Returns descriptive statistics for each column in a dataset split.

Checks whether a dataset is available in the Dataset Viewer.

Functions

column_index(dataset_id, opts \\ [])

@spec column_index(
  String.t(),
  keyword()
) :: {:ok, map()} | {:error, Exception.t()}

Returns column index/statistics for a dataset split.

Example

{:ok, index} = HuggingfaceClient.dataset_viewer_column_index("rajpurkar/squad",
  config: "plain_text",
  split: "train"
)

features(dataset_id, opts \\ [])

@spec features(
  String.t(),
  keyword()
) :: {:ok, map()} | {:error, Exception.t()}

Returns the feature schema (column types) for a dataset split.

Example

{:ok, features} = HuggingfaceClient.dataset_viewer_features("rajpurkar/squad",
  config: "plain_text",
  split: "train"
)

first_rows(dataset_id, opts \\ [])

@spec first_rows(
  String.t(),
  keyword()
) :: {:ok, map()} | {:error, Exception.t()}

Returns the first 100 rows of a dataset split (as a preview).

Options

  • :config — configuration/subset name
  • :split — split name (e.g. "train", "test")
  • :token — HF API token for private datasets

Example

{:ok, preview} = HuggingfaceClient.dataset_viewer_first_rows("rajpurkar/squad",
  config: "plain_text",
  split: "train"
)
Enum.each(preview["rows"], fn r -> IO.inspect(r["row"]) end)

info(dataset_id, opts \\ [])

@spec info(
  String.t(),
  keyword()
) :: {:ok, map()} | {:error, Exception.t()}

Returns dataset info (size, number of rows, features schema, etc.).

Example

{:ok, info} = HuggingfaceClient.dataset_viewer_info("rajpurkar/squad")
IO.inspect(info["dataset_info"])

list_configs(dataset_id, opts \\ [])

@spec list_configs(
  String.t(),
  keyword()
) :: {:ok, [map()]} | {:error, Exception.t()}

Returns the list of configurations (subsets) for a dataset.

Example

{:ok, configs} = HuggingfaceClient.dataset_viewer_configs("glue")
Enum.each(configs, fn c -> IO.puts(c["config_name"]) end)
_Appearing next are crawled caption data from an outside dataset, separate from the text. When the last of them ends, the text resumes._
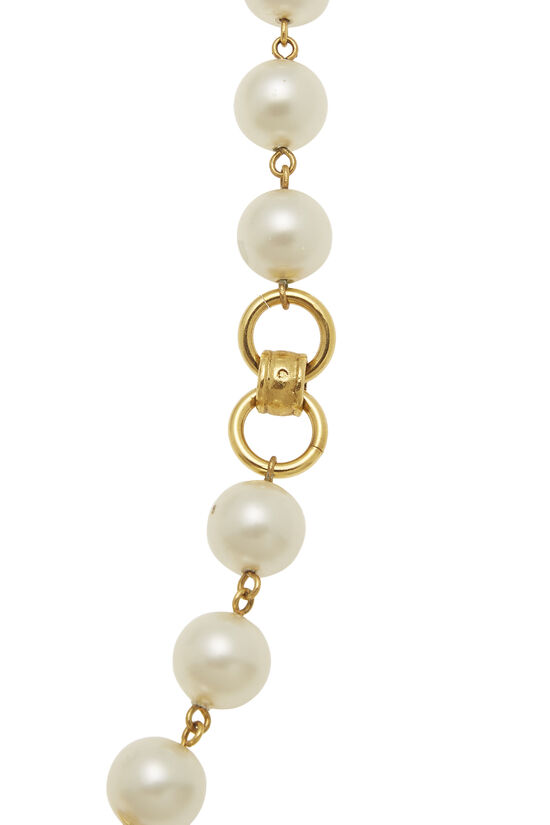 Chanel Faux Pearl & Gold Necklace Q6J11F17DB034 | WGACA 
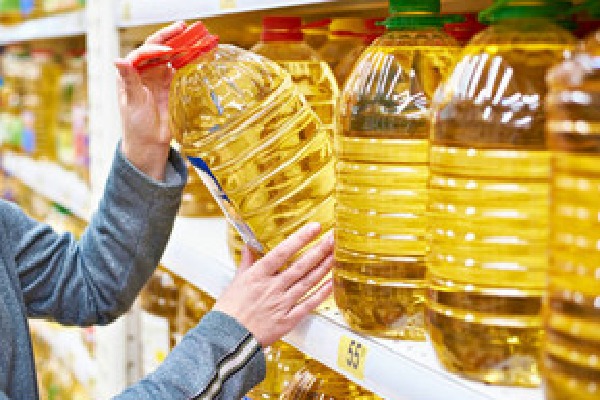 Edible oils prices reduced by Center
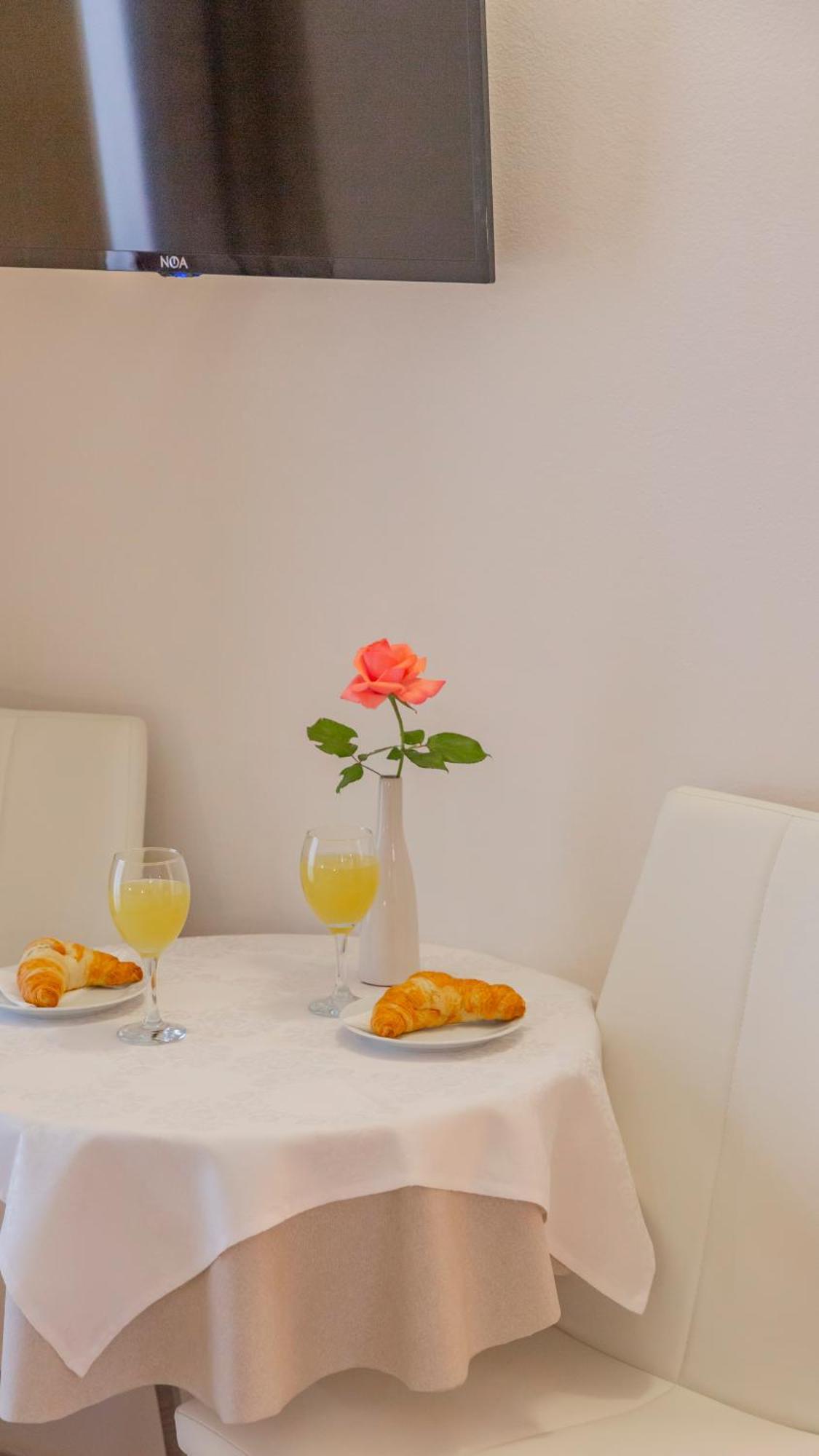 Baska Voda Apartments - Steps From The Beach, Free Parking, Central Location 외부 사진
list_splits(dataset_id, opts \\ [])

@spec list_splits(
  String.t(),
  keyword()
) :: {:ok, [map()]} | {:error, Exception.t()}

Returns the list of splits for a given dataset config.

Example

{:ok, splits} = HuggingfaceClient.dataset_viewer_splits("rajpurkar/squad",
  config: "plain_text"
)
Enum.each(splits, fn s -> IO.puts(s["split"]) end)

parquet(dataset_id, opts \\ [])

@spec parquet(
  String.t(),
  keyword()
) :: {:ok, map()} | {:error, Exception.t()}

Returns the Parquet file URLs for a dataset (if available in Parquet format).

Example

{:ok, result} = HuggingfaceClient.dataset_viewer_parquet("rajpurkar/squad")
result["parquet_files"] |> Enum.each(fn f ->
  IO.puts("#{f["split"]}: #{f["url"]}")
end)

rows(dataset_id, opts \\ [])

@spec rows(
  String.t(),
  keyword()
) :: {:ok, map()} | {:error, Exception.t()}

Returns rows from a dataset split with pagination.

Options

  • :config — configuration name
  • :split — split name (required)
  • :offset — row offset (default: 0)
  • :length — number of rows to return, max 100 (default: 100)
  • :access_token

Example

{:ok, result} = HuggingfaceClient.dataset_viewer_rows("rajpurkar/squad",
  config: "plain_text",
  split: "train",
  offset: 0,
  length: 10
)

IO.puts("Total rows: #{result["num_rows_total"]}")
Enum.each(result["rows"], fn r -> IO.inspect(r["row"]) end)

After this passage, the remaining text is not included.